A sharp knife is safer than a dull one
A dull knife slips. This is the first thing they teach in any kitchen worth working in. A sharp blade goes where it's pointed. A dull blade goes where the pressure sends it, which is wherever the surface offers least resistance - on a tomato, that's sideways and down toward the hand.
The physics are simple. A sharp edge needs almost no force. Set the blade, draw it through, and the cut happens at the contact point. A dull edge requires pushing, and pushing loads the handle with energy that has to go somewhere when the resistance breaks.
Professionals sharpen constantly. Not once a week. Every shift, sometimes twice. A line cook working prep runs a honing steel across the blade every 20 minutes or so. The motion takes three seconds. Three passes per side. It isn't maintenance the way most people mean the word. It's the cost of keeping the tool exactly where it's told to go.
The sharpening itself is worth following. A whetstone sits on a damp towel to keep it from sliding. The knife goes across at 15 degrees - 20 for a German blade - in a smooth arc, heel to tip. The sound changes when the angle is right. Scrape becomes hiss. Thirty passes per side, then a finer stone, then repeat. A full sharpening takes ten minutes. Most cooks do it weekly.
Software that gets patched daily is more stable than software that ships a large update every quarter. The quarterly release is the dull knife. Months of accumulated changes applied at once. When something breaks, the failure surface is wide and nobody can tell which change caused it. The daily patch is the honing steel. Small correction. Edge stays true.
A person with unclear authority works the same way. Not because they're unskilled - because every action requires extra force. They push harder to get decisions through. They route around ambiguity with workarounds. When something goes wrong, nobody can trace it. The force was spread across too many surfaces.
Give the same person clear authority and sharp tools. The cut goes where they aim it. If the aim is wrong, the damage is visible and traceable. That kind of failure gets fixed. The distributed kind - the one that belongs to everyone and therefore no one - never gets found, so it never gets repaired.
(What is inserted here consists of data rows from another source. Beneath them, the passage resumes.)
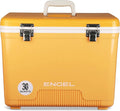 Engel UC30 30qt Leak-Proof, Air Tight, Drybox Cooler and Hard Shell Lunchbox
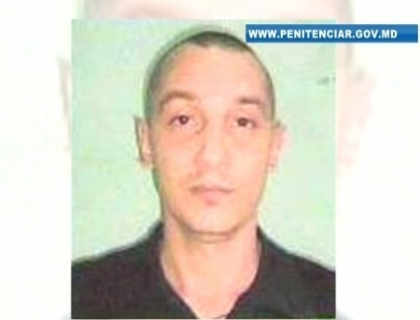 Detinutul care a evadat din penitenciarul de la Pruncul a fost retinut! Detinutul care a evadat din penitenciarul de la Pruncul a fost retinut!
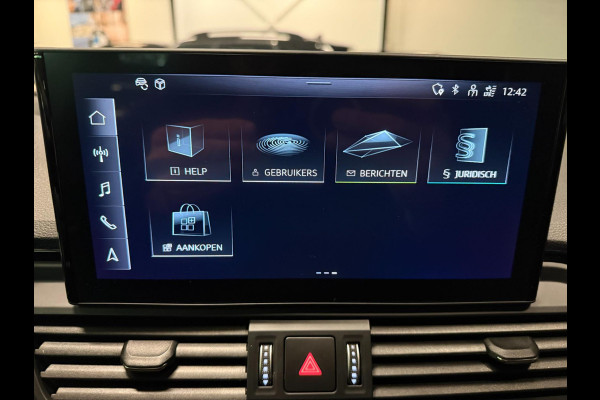 Audi Q5 Sportback 55 TFSI e SQ5 22'' 367PK BLACK-LINE H-UP/B&O/V-COCKPIT/DAB/SFEERVERLICHTING///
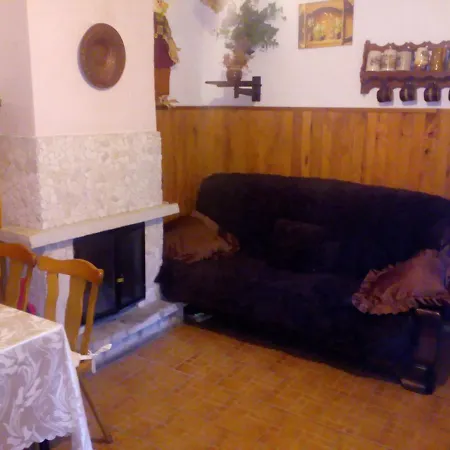 Horska Chata Slunecna Dolní Moravice
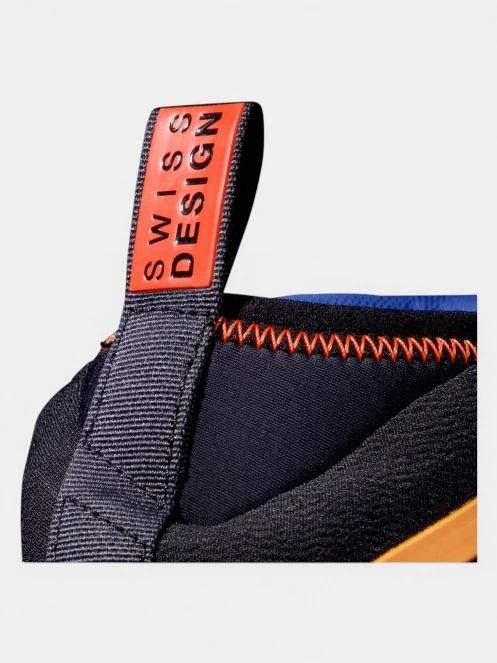 Mammut Taiss Light Mid GTX férfi hegymászó bakancs fekete színben 7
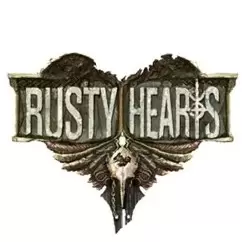 Rusty Hearts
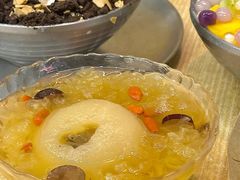 -豆豆冰室·地道招牌椰子冻(大良店)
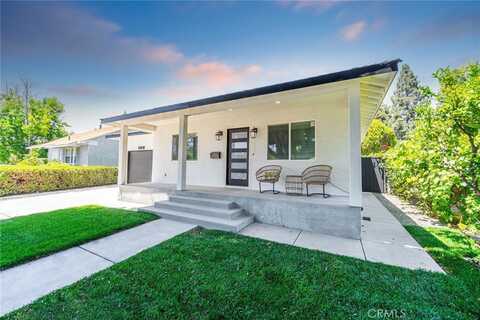 6109 E Peabody Street, Long Beach, CA 90808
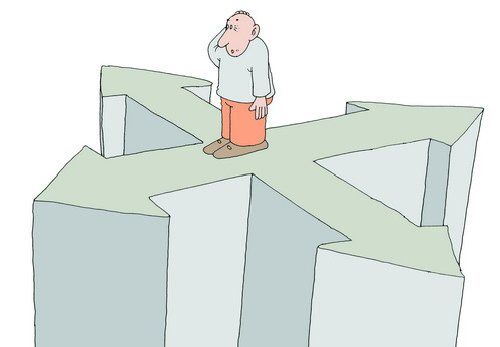 認知損害 認知損害
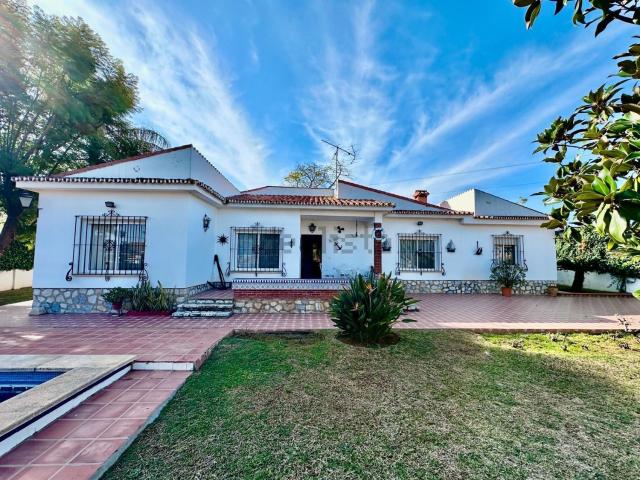 Chalet, Alhaurín de la Torre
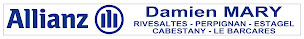 Photo n°5 de Allianz Assurance PERPIGNAN CATALOGNE - Damien MARY à Perpignan (Compagnie d'assurance moto)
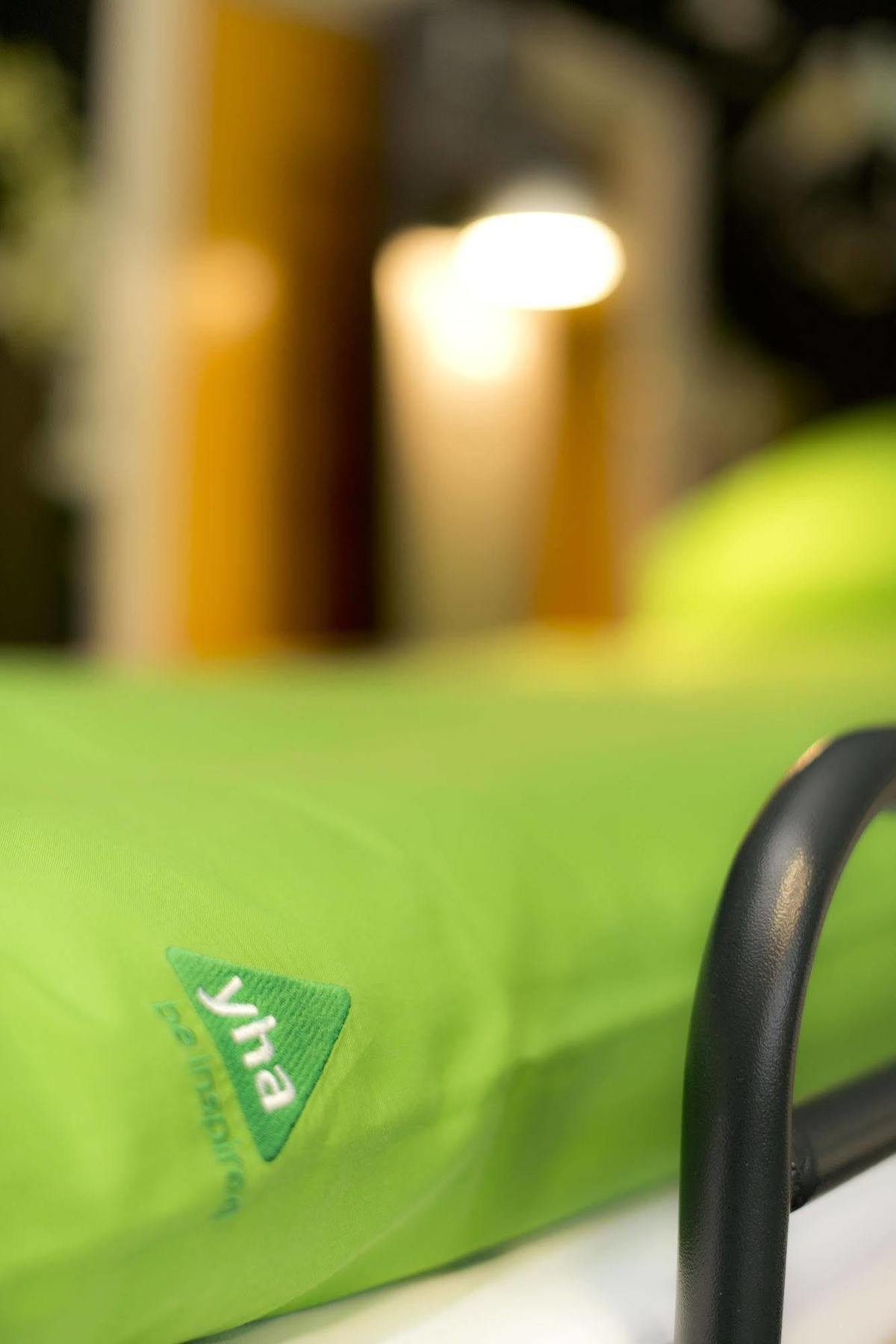 Hostel Yha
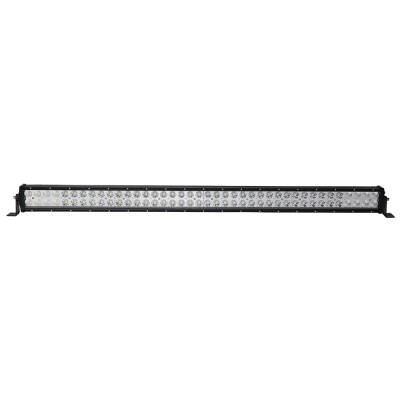 Led Bar 12/24V 124W Beyaz Ve Sarı 7 Fonksiyon 106Cm Wolfram -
The instinct after a visible mistake is almost always to dull the tool. Add a review. Require a second signature. Route the decision through a committee. Each layer feels like safety. What it does is add force. More people loading energy into the same handle. When the blade slips - and it will - the failure belongs to no one because everyone was holding the knife.
A kitchen that runs this way shuts down inside a week. The rule in any working kitchen is not complicated. Keep the edge sharp. Respect what sharpness can do.
Most cuts happen on dull blades held by hands pressing harder than they should.